The title of the story was taken from a 1945 French film, Les Enfants du Paradis. The title came up in a list of Time Magazine’s “100 All Time Greatest Movies”. I don’t in fact, know a lot about the film, except that it was a romantic story about love and betrayal and was made during the German occupation of France virtually in secret. The title, however, intrigued me. The germ of an idea that the title suggested was then given a nudge by an episode of the Canadian Sci Fi series, Stargate Atlantis called “Childhood’s End” which featured a sort of Lord of the Flies community in which nobody got older than twenty-four because they committee suicide at that age for the good of the community. I had no intention of going down that sort of path in a story intended for the 7pm PG genre of Doctor Who, but a world inhabited by children was an intriguing idea and I thought about several variations on the theme before settling on the idea of adults who had reverted to children through the ‘Well of Life’. The dangers The Doctor immediately thought of, such as the Well being misused by the unscrupulous fell into place next, and I was already considering the possibility of a sequel in which his fears would be realised. But this was not going to be that sort of a story.

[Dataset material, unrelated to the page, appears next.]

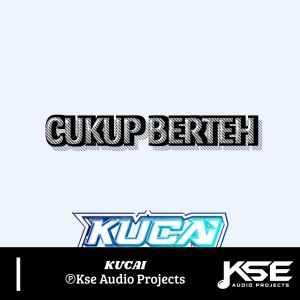 Listen to CUKUP BERTEH song with lyrics from Kucai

Wendy almost created herself. And of course The Doctor’s comment about ‘Lost Boys’ referenced the other obvious literary allusion after Lord of the Flies. But The Doctor’s reaction to Paradise once he had learnt all there was to know about it from Wendy was a surprising one. He did nothing. He acknowledged that the people had made their own choice, and it was a choice that was not harming anyone. Those, like Wendy, who wanted to grow up were not prevented from doing so. He was happy to leave them as they were. But his concern remained. The sequel possibility was set up as The Doctor left Wendy with a crystal that could signal him in the event of an emergency.